Honestly, as long as the damage isn’t permanent, I prefer a shitty time to a mundane time. I’ll take a horrible date, trip, or vacation over a boring one any day of the week. Boring things fade into gray. Horrible times that don’t do lasting harm are things you get to laugh about for the rest of your life.

I suspect the difference may strongly come down to European vs North American here. In Italy I would have no problem holding onto the waist on and male or female friend, or having them hold on to mine. Much like these blokes, but perhaps a little less English-looking:

but then again, in Italy I kiss my male friends on the cheeks every time we say goodbye. Here in the US it’s considered a little odd.

Edit: I realize your post suggests that the drivers don’t want hands on them even if both parties are happy with touching.
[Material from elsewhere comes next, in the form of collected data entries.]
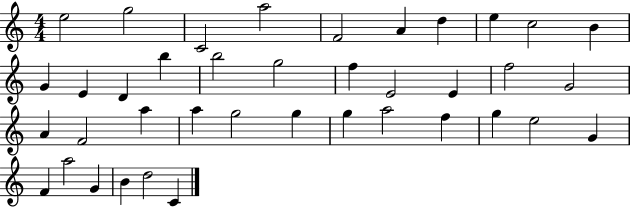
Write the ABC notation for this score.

X:1
T:Untitled
M:4/4
L:1/4
K:C
e2 g2 C2 a2 F2 A d e c2 B G E D b b2 g2 f E2 E f2 G2 A F2 a a g2 g g a2 f g e2 G F a2 G B d2 C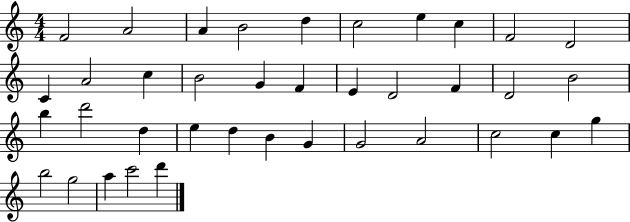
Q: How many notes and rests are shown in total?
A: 38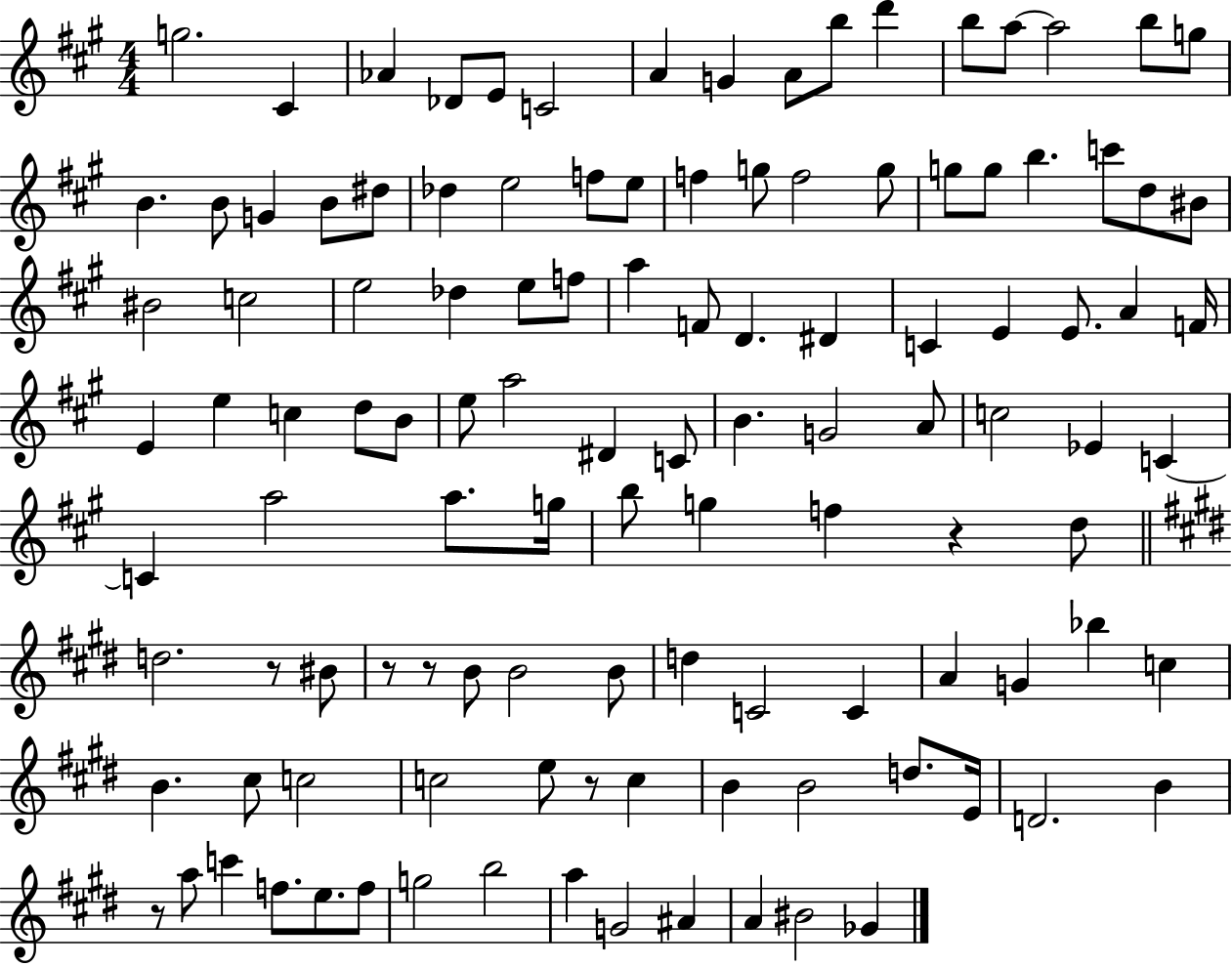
G5/h. C#4/q Ab4/q Db4/e E4/e C4/h A4/q G4/q A4/e B5/e D6/q B5/e A5/e A5/h B5/e G5/e B4/q. B4/e G4/q B4/e D#5/e Db5/q E5/h F5/e E5/e F5/q G5/e F5/h G5/e G5/e G5/e B5/q. C6/e D5/e BIS4/e BIS4/h C5/h E5/h Db5/q E5/e F5/e A5/q F4/e D4/q. D#4/q C4/q E4/q E4/e. A4/q F4/s E4/q E5/q C5/q D5/e B4/e E5/e A5/h D#4/q C4/e B4/q. G4/h A4/e C5/h Eb4/q C4/q C4/q A5/h A5/e. G5/s B5/e G5/q F5/q R/q D5/e D5/h. R/e BIS4/e R/e R/e B4/e B4/h B4/e D5/q C4/h C4/q A4/q G4/q Bb5/q C5/q B4/q. C#5/e C5/h C5/h E5/e R/e C5/q B4/q B4/h D5/e. E4/s D4/h. B4/q R/e A5/e C6/q F5/e. E5/e. F5/e G5/h B5/h A5/q G4/h A#4/q A4/q BIS4/h Gb4/q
In that case it could be more about the different geometry and speed of a Vespa vs a motorcycle?

Edit edit: In case anyone’s reading this and didn’t see my first post – this is just musing about the customs of waist-holding on a Vespa, not defending the guy in the story. The actual guy in the story was a creep for plenty of other reasons.
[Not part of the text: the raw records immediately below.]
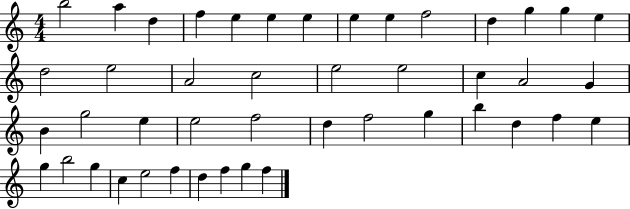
{
  \clef treble
  \numericTimeSignature
  \time 4/4
  \key c \major
  b''2 a''4 d''4 | f''4 e''4 e''4 e''4 | e''4 e''4 f''2 | d''4 g''4 g''4 e''4 | \break d''2 e''2 | a'2 c''2 | e''2 e''2 | c''4 a'2 g'4 | \break b'4 g''2 e''4 | e''2 f''2 | d''4 f''2 g''4 | b''4 d''4 f''4 e''4 | \break g''4 b''2 g''4 | c''4 e''2 f''4 | d''4 f''4 g''4 f''4 | \bar "|."
}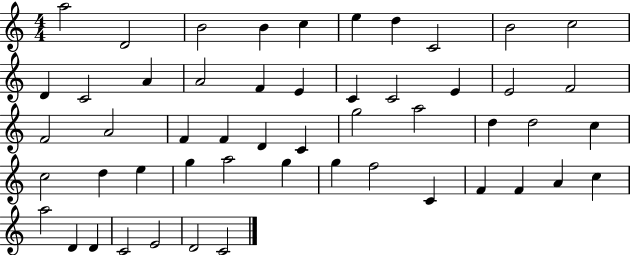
A5/h D4/h B4/h B4/q C5/q E5/q D5/q C4/h B4/h C5/h D4/q C4/h A4/q A4/h F4/q E4/q C4/q C4/h E4/q E4/h F4/h F4/h A4/h F4/q F4/q D4/q C4/q G5/h A5/h D5/q D5/h C5/q C5/h D5/q E5/q G5/q A5/h G5/q G5/q F5/h C4/q F4/q F4/q A4/q C5/q A5/h D4/q D4/q C4/h E4/h D4/h C4/h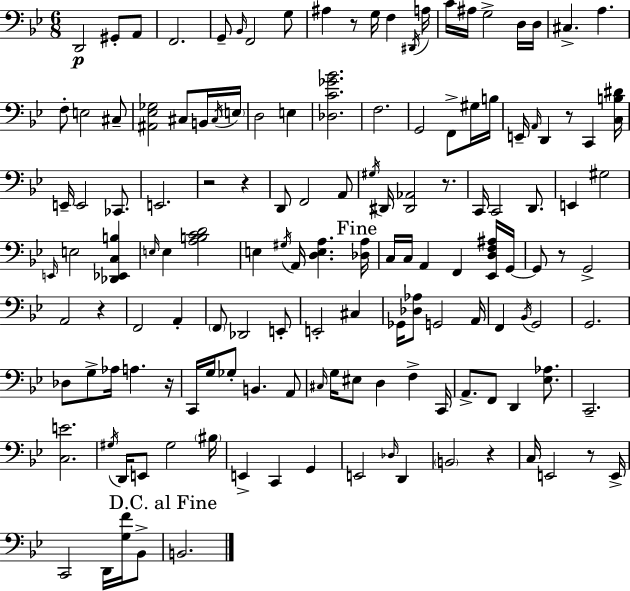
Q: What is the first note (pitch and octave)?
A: D2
I’m actually also from Europe (just slightly insomniac), and I am talking about people who aren’t opposed to touching per se (in fact we’re pretty touchy-feely in general), just when riding a bike (e.g. my cousin who’s more like an older brother to me and my then boyfriend - I’m of the female persuasion, btw). Holding onto them is apparently “distracting” and “inhibiting their movements”, and the passengers who cling onto them will be getting less rides than the ones who don’t.

All in all, the expectation of the pillion passenger is to be as much a part of the bike as they can, and not disturb the driver. What can I say, I’m starting to suspect that they take bike riding a bit more seriously than most people. Now that I think of it, I’ve only ever gotten that instruction from the people I first started riding with, and have just acted the same way ever since. Nobody has ever told me to hold onto them, and I’ve always assumed that the way I learned it in the beginning is what riders prefer in general, and that some people are just more tolerant of things when riding with e.g. their SO.